Zhou Shichao, Li Haoyan, Wang Zhuowei, Zhang Zekai
Key Laboratory of Information and Communication Systems, Ministry of Information Industry, Beijing Information Science and Technology University, Beijing, China.
Front Neurosci. 2024 Feb 12;18:1349204. doi: 10.3389/fnins.2024.1349204. eCollection 2024.

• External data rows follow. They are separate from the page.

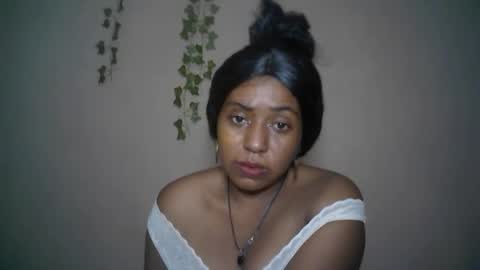 Snapshot of verronique1511 chatting on April 7, 2026, 1:55 pm verronique1511 online show from April 7, 2026, 1:55 pm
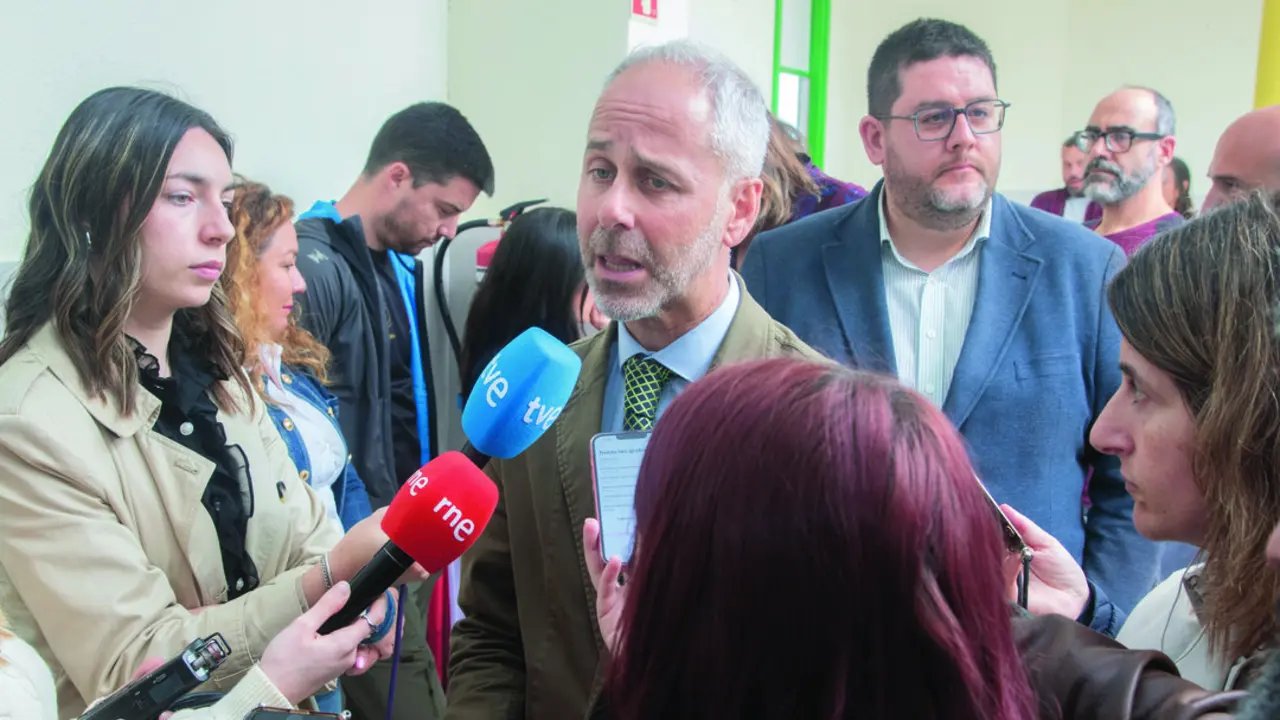 El consejero de Educaci&oacute;n, Sergio Silva, atiende a los medios tras la ruptura de la negociaci&oacute;n con la Junta de Personal Docente. / alerta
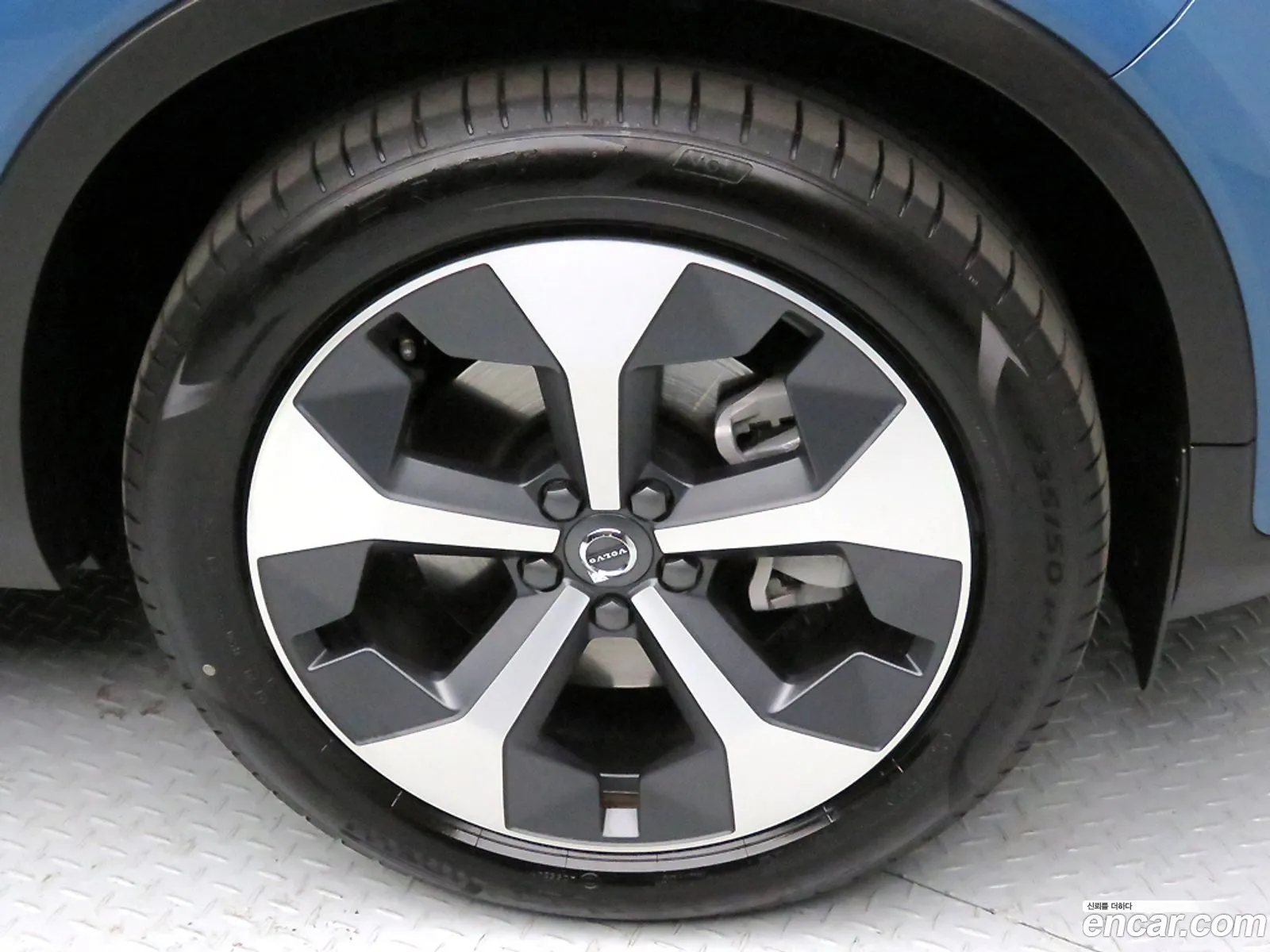 Volvo XC40 2025 — 4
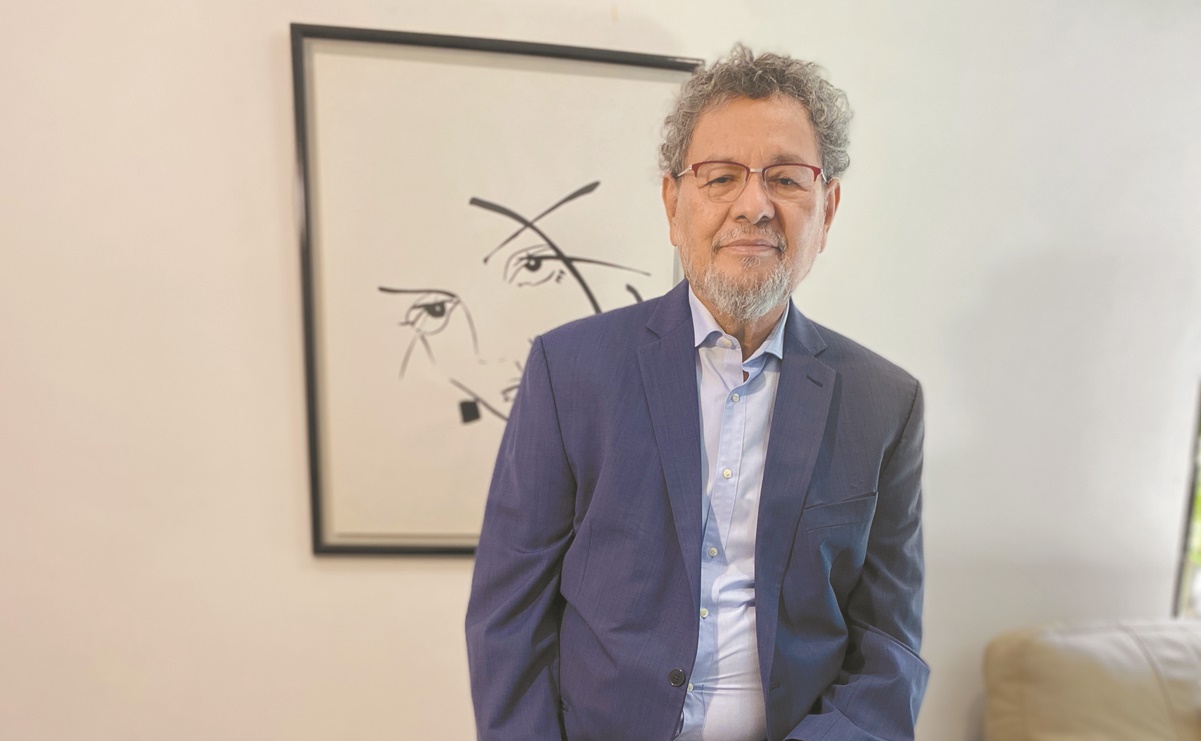 "Novelista, un oficio para malditos": Élmer Mendoza
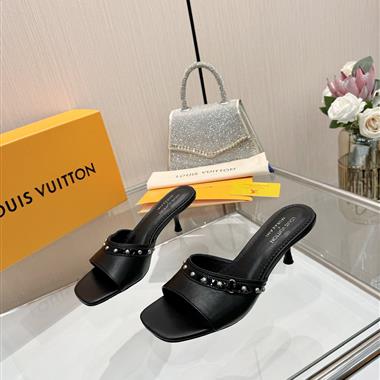 Louis Vuitton   2025新款女生休閒時尚鞋子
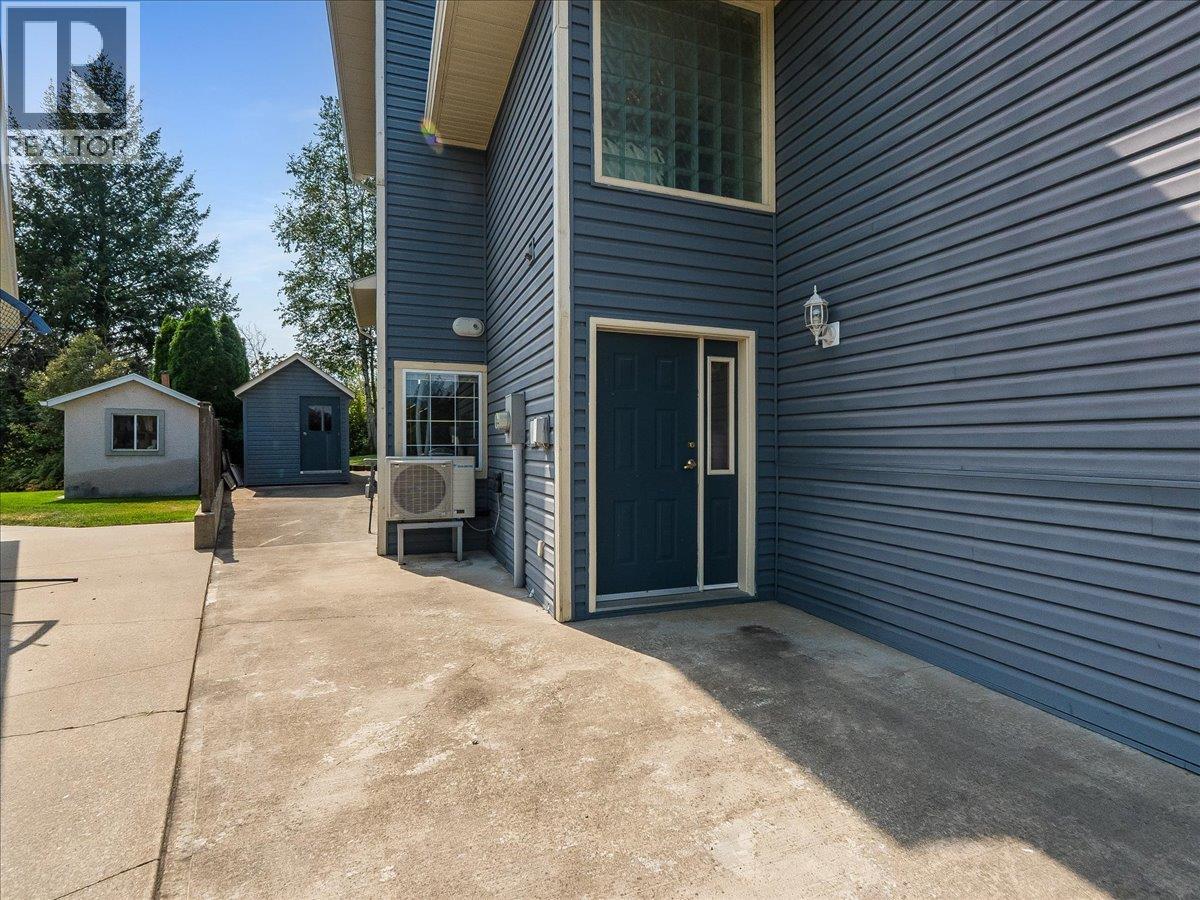 3617 14th Avenue, Castlegar, British Columbia  V1N 4J2 - Photo 68 - 10398027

State-of-the-art image object detection computational models require an intensive parameter fine-tuning stage (using deep convolution network, etc). with tens or hundreds of training examples. In contrast, human intelligence can robustly learn a new concept from just a few instances (i.e., few-shot detection). The distinctive perception mechanisms between these two families of systems enlighten us to revisit classical handcraft local descriptors (e.g., SIFT, HOG, etc.) as well as non-parametric visual models, which innately require no learning/training phase. Herein, we claim that the inferior performance of these local descriptors mainly results from a lack of global structure sense. To address this issue, we refine local descriptors with spatial contextual attention of neighbor affinities and then embed the local descriptors into discriminative subspace guided by Kernel-InfoNCE loss. Differing from conventional quantization of local descriptors in high-dimensional feature space or isometric dimension reduction, we actually seek a brain-inspired few-shot feature representation for the object manifold, which combines data-independent primitive representation and semantic context learning and thus helps with generalization. The obtained embeddings as pattern vectors/tensors permit us an accelerated but non-parametric visual similarity computation as the decision rule for final detection. Our approach to few-shot object detection is nearly learning-free, and experiments on remote sensing imageries (approximate 2-D affine space) confirm the efficacy of our model.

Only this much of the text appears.